Expanding Emergency Health-Care Facility in Juba

The overarching goal of the USAID/OTI Sudan program is to strengthen Sudanese confidence and capacity to address the causes and consequences of political marginalization, violence, and instability within the context of the Comprehensive Peace Agreement between the Sudan People's Liberation Movement and the Government of Sudan.

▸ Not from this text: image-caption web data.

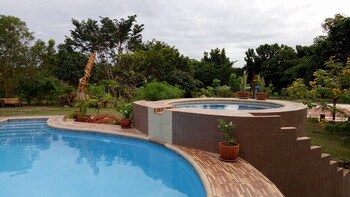 wonderfarm villa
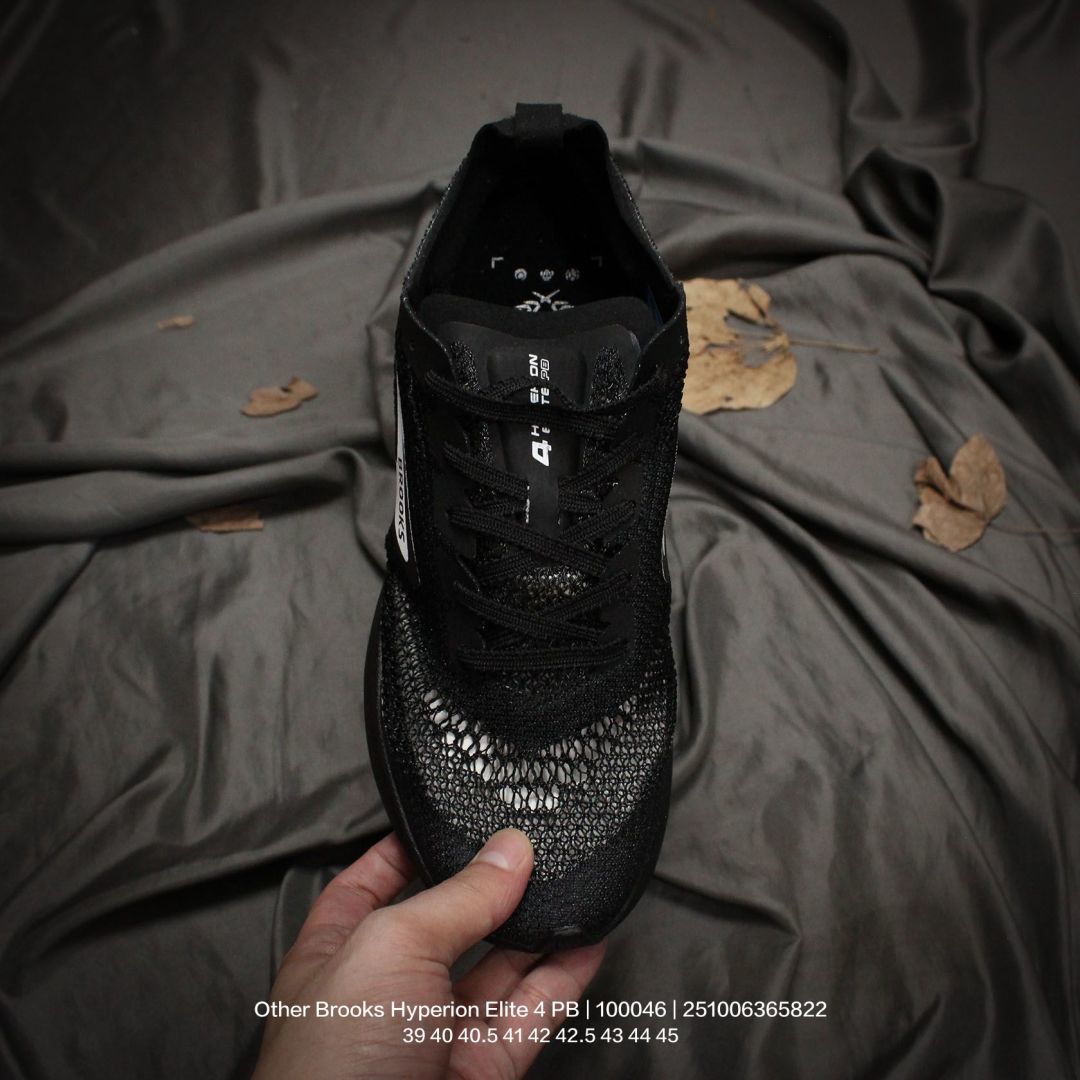 💰150
原楦纸版开发,采用针织网织鞋面材质,搭载DNA LOFT V2密度泡棉缓震系统中底,外置防滑耐磨橡胶底片❗回归个性化跑姿!全球四大跑鞋品牌之一,布鲁克斯Brooks Hyperion Elite 4 PB 龙卷风4代系列低帮透气缓震支撑休闲运动慢跑鞋 100046
类型:男鞋
码数:39 40 40.5 41 42 42.5 43 44 45
编码:251006365.822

The OTI/Sudan program focuses on promoting the emergence of responsive and effective civil authorities; providing opportunities for peaceful dialogue within and among communities; fostering the emergence of an active civil society; increasing the availability of quality, independent information; and protecting vulnerable populations from grave human rights violations and related abuses.

Photo: Staff and patients in the emergency ward at the Juba hospital.
Staff and patients in the emergency ward at the Juba hospital.

Juba is the capital of South Sudan, and like elsewhere in Sudan, the impacts of the 21 year civil war are very visible. The city has virtually no running water or electrical grid, and many public service institutions are in dire need of rehabilitation and general improvement.

The Juba Teaching Hospital is an attestation to the steady perseverance of a handful of dedicated Sudanese healthcare professionals who struggled to sustain the health services provided by the hospital, despite the damage caused to the facility and disruptions to the supply of medicines during the war.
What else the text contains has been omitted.